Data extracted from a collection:
- - - - - - -
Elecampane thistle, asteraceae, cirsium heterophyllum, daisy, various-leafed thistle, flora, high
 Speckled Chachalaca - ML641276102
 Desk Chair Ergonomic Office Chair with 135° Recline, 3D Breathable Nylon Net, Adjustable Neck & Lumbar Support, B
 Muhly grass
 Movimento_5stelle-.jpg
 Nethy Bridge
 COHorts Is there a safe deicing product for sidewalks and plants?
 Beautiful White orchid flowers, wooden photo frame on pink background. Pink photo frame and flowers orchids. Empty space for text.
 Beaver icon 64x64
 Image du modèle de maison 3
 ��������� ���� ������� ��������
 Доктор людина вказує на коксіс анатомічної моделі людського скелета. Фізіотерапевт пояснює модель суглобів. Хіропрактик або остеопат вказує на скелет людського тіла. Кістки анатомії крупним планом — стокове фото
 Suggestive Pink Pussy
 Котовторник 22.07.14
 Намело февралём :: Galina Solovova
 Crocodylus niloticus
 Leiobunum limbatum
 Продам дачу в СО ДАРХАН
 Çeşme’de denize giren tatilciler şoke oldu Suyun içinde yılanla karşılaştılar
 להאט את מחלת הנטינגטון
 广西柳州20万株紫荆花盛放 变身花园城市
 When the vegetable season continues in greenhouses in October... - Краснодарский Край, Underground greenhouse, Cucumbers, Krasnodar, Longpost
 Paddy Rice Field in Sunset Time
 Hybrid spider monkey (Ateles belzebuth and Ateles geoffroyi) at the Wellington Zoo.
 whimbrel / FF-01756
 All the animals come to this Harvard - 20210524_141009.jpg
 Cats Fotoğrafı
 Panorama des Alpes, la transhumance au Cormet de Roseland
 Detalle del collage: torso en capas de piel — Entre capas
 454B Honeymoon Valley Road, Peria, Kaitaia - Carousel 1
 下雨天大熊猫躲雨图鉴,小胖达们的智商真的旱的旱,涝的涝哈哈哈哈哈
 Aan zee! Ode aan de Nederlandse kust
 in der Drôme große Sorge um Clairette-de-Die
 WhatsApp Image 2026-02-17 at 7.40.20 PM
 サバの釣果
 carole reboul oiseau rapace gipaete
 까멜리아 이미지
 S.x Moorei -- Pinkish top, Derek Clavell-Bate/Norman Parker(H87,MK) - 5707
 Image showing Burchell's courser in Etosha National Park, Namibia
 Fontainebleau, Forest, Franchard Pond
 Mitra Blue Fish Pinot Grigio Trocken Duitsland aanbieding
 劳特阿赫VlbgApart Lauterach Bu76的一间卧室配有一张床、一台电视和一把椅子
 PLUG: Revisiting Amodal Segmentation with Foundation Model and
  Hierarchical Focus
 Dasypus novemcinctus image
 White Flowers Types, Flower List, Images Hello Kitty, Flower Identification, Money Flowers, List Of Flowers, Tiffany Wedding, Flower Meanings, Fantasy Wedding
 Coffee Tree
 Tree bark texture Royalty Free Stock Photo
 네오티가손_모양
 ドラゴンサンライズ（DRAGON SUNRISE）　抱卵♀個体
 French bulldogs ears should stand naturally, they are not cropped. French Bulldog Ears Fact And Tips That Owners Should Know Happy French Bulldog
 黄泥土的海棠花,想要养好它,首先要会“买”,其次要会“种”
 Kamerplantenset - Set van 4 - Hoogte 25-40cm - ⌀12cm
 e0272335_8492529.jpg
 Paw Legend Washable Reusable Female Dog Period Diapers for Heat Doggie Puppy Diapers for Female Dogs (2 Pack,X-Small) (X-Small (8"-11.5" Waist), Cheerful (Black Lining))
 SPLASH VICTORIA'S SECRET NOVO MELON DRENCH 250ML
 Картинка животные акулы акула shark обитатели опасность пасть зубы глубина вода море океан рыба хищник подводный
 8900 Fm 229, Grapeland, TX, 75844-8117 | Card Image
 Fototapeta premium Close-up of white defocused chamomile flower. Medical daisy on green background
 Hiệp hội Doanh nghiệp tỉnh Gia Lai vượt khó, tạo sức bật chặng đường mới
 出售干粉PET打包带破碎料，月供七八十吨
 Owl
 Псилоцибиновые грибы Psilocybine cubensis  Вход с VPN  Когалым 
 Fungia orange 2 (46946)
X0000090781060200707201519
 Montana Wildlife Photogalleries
- - - - - - -
EXERCISE PROMPT: Check each line of the records above for the string "daisy", and report every line that has it.

ANSWER BOX:
Elecampane thistle, asteraceae, cirsium heterophyllum, daisy, various-leafed thistle, flora, high
 Fototapeta premium Close-up of white defocused chamomile flower. Medical daisy on green background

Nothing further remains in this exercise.